• Given information:

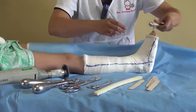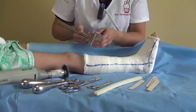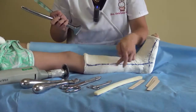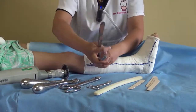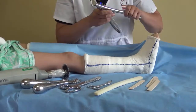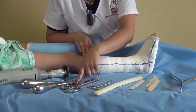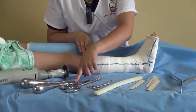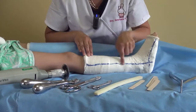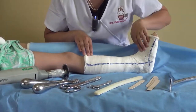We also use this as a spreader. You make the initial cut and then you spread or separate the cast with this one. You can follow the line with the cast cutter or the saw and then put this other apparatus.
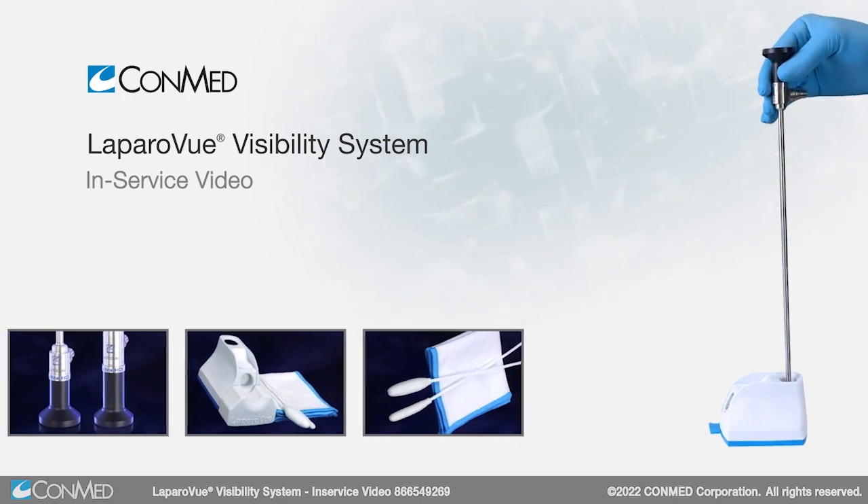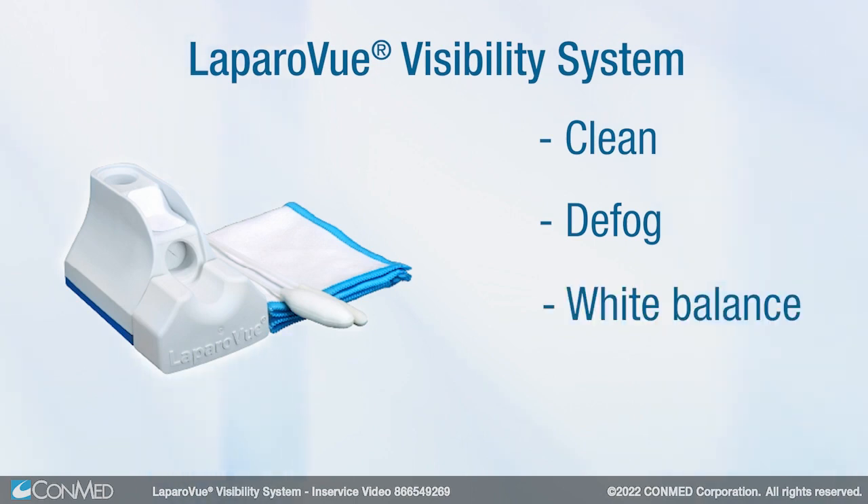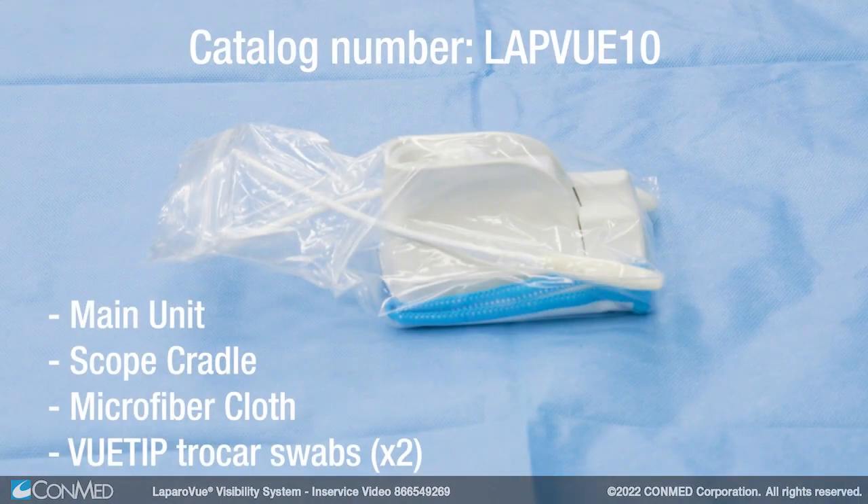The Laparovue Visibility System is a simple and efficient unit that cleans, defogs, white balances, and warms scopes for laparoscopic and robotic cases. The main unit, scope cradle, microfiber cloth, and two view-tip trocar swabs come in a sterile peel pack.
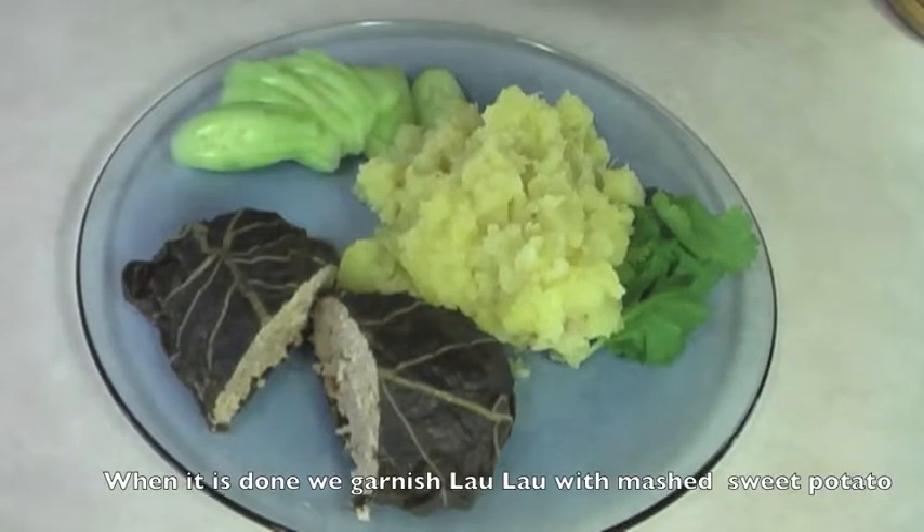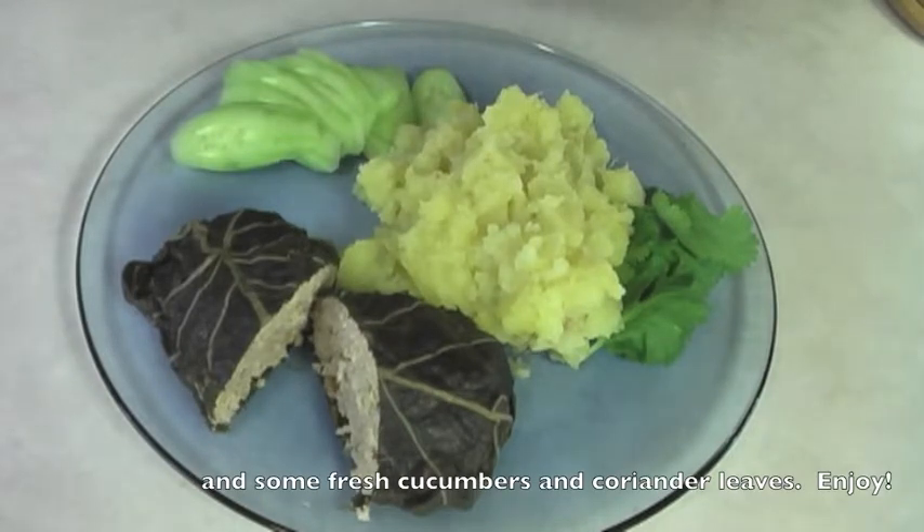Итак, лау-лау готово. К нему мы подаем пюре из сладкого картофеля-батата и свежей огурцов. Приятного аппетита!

• Description of the task: Where a picture appears, omit it, and otherwise retype the material exactly.

• Exercise response:
We also use this as a spreader. You make the initial cut and then you spread or separate the cast with this one. You can follow the line with the cast cutter or the saw and then put this other apparatus.
The Laparovue Visibility System is a simple and efficient unit that cleans, defogs, white balances, and warms scopes for laparoscopic and robotic cases. The main unit, scope cradle, microfiber cloth, and two view-tip trocar swabs come in a sterile peel pack.
Итак, лау-лау готово. К нему мы подаем пюре из сладкого картофеля-батата и свежей огурцов. Приятного аппетита!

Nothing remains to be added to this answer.